Our educational programming has been building for some time. Through our outreach, educational panel discussions and our Walks in the Woods, the Land Alliance has felt the need to have a stronger presence in local schools. At the same time, there is increasing recognition that Long Island’s water is perhaps our community’s most precious and possibly most vulnerable resource. Still, many Long Islanders are unaware that the source of their drinking water is the aquifer under their feet or that nitrogen is the number one contaminant of our harbors, Long Island Sound and the ocean. For all of these reasons, a generous donor has offered to fund a part-time educator to enter local schools to implement a three-lesson series of programs that will start in the classroom and move outdoors. Students will learn about Long Island’s groundwater, surface waters and watersheds and stewardship of this essential resource, while using interactive models, diagrams, maps and aerial photos. Designed for fourth graders, the program can be modified for use with other ages or with after-school students. A selection of follow-up activities participants can do on their own or with their classroom teachers will be included, and state and federal education standards will be addressed.
With an introduction in the classroom, the first lesson will introduce students to the aquifer from which their drinking water comes. Students will learn how water enters and leaves the aquifer and how contaminants and excessive use can threaten water quality and quantity.
The second lesson, to be conducted on school grounds or within walking distance of the school, will identify the concept of watersheds. This will include a discussion on where rain goes and describe storm water runoff and its connection to the health of our streams, ponds, bays and Long Island Sound. Students will assess how their activities can be harmful or beneficial to our surface waters.
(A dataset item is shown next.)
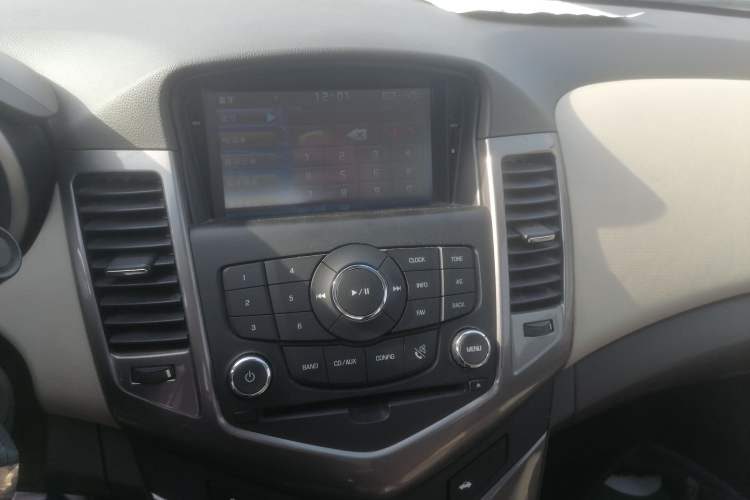 Used Chevrolet Cruze 2015 1.5L Classic SE AT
The final lesson will take place at a local nature preserve where there is a pond, stream or beach. Students will identify where they are in a watershed and the role local topography plays in shaping the water body at the site. They will also make comparisons between the preserve
and nearby developed land and discuss features that may impact water quality. Through any of a number of activities (including water quality or soil testing, a beach exploration, planting native plants, a study of wildlife at the site and pulling invasive plants), participants will become familiar with the preserve and interactions among its inhabitants. This will help students recognize how their actions can affect the quality and quantity of its water for preserve visitors and inhabitants alike. We hope that implementation of this program in local schools will encourage students, and, in turn, their families, to become stewards of the waters that make Long Island such a desirable place to live.